Now that we’ve answered what is sidechain EQ, let’s talk about how to use it.

I’ll reference my most common application of sidechain EQ which is controlling the low end of the bass using the kick.

Before I get into it, let me note that not all EQs allow for sidechain capabilities built in. I did a specific tutorial on sidechain EQ in Ableton recently using their stock EQ which does NOT feature this ability inherently (it requires an extra step as I show in the link).

I do my sidechain EQing using FabFilter’s Pro-Q 3 as it’s incredibly easy to do, not to mention it’s my favorite EQ/arguably plugin in general (see my FabFilter Pro-Q 3 review.

Getting back to how to use sidechain EQ, specifically to control the sub bass frequencies of our bass, we need to first drop an instance of FabFilter’s Pro-Q 3 on our bass and create a bell filter around 60Hz.

This is typically where the fundamental fatness of the kick resides (see how to EQ kick drum), but you can check your kick by soloing around here and listening where it’s the loudest.

We want to use the sidechain EQ to pull this frequency range out of the bass when the kick triggers.

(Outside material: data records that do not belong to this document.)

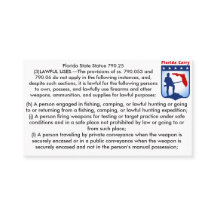As armas de fogo de Florida abrem cartões de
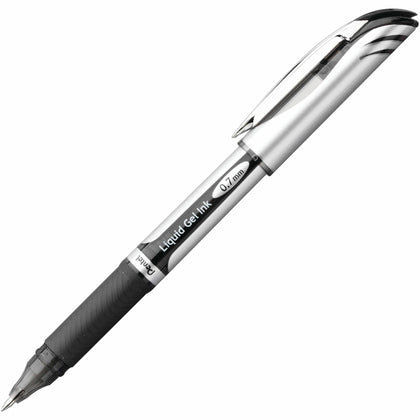 EnerGel Deluxe Liquid Gel Pen: 0.7mm Medium Point Refillable Black Ink - Pens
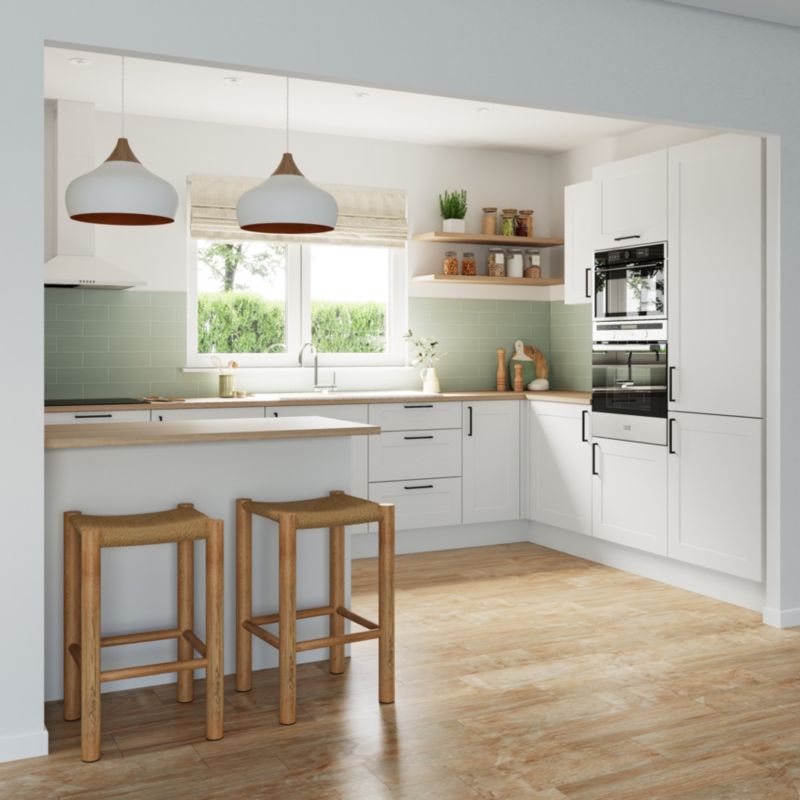 GoodHome Artemisia 3A shaker hvid kantbånd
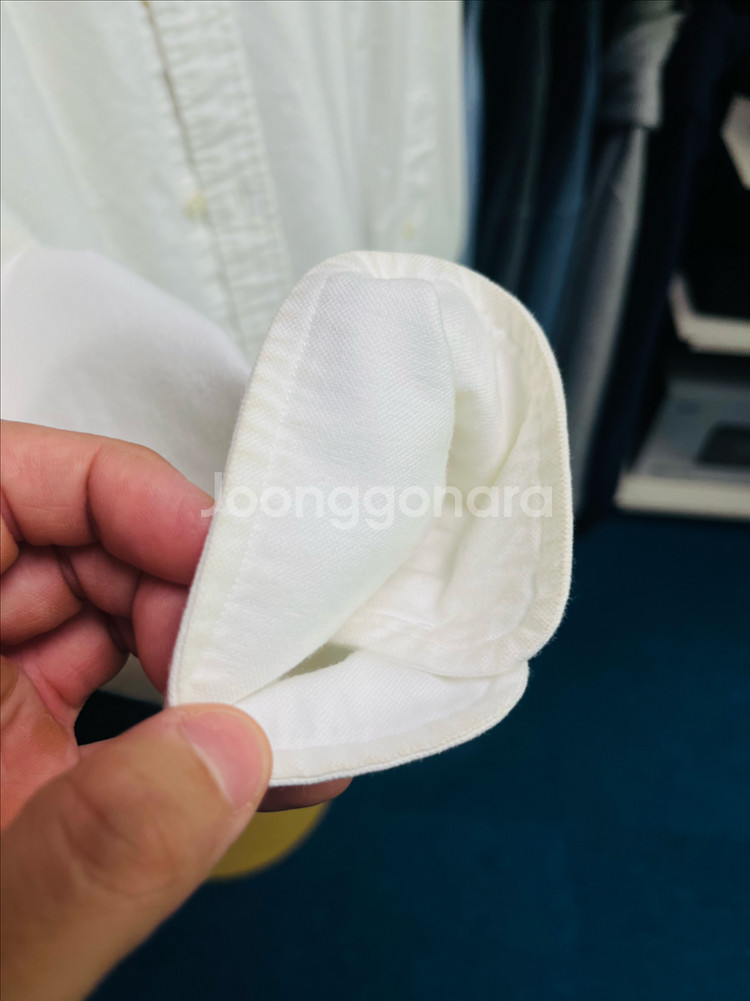 [XL] 폴로 멀티로고 클래식 핏 옥스포드 셔츠 화이트--2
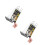 2Pcs Clear PVC Menu Holder for Tabletop Display Lightweight Sign Stand 9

For that split second it gives the kick free reign and control of that frequency, cleaning up the low end of the mix and giving the kick presence.

Once we have that bell filter created, we tell the plugin to use its sidechain feature, getting audio from our kick track and designating where in the signal chain it should pull that audio (see post mixer vs pre mixer).

Now we just need to click the sidechain button on that filter in Pro-Q 3, adjust the threshold, and adjust the dynamic gain range until we have the attenuation we want when that kick activates:

sidechain eq bass to kick

I like to average about 5-10dB in gain reduction at that 60Hz range/fundamental of the kick on the bass. This leaves the higher end of your bass untouched so those transients can still cut through (see my bass EQ cheat sheet) while still clearing up the low end for those split seconds when the kick is playing and needs dominion over that space.

When you don’t need to get surgical, sidechain compression still works just fine, but sidechain EQ is ideal when you need just a specific frequency range to get out of the way of another track like the case with the center “panned” bass and kick.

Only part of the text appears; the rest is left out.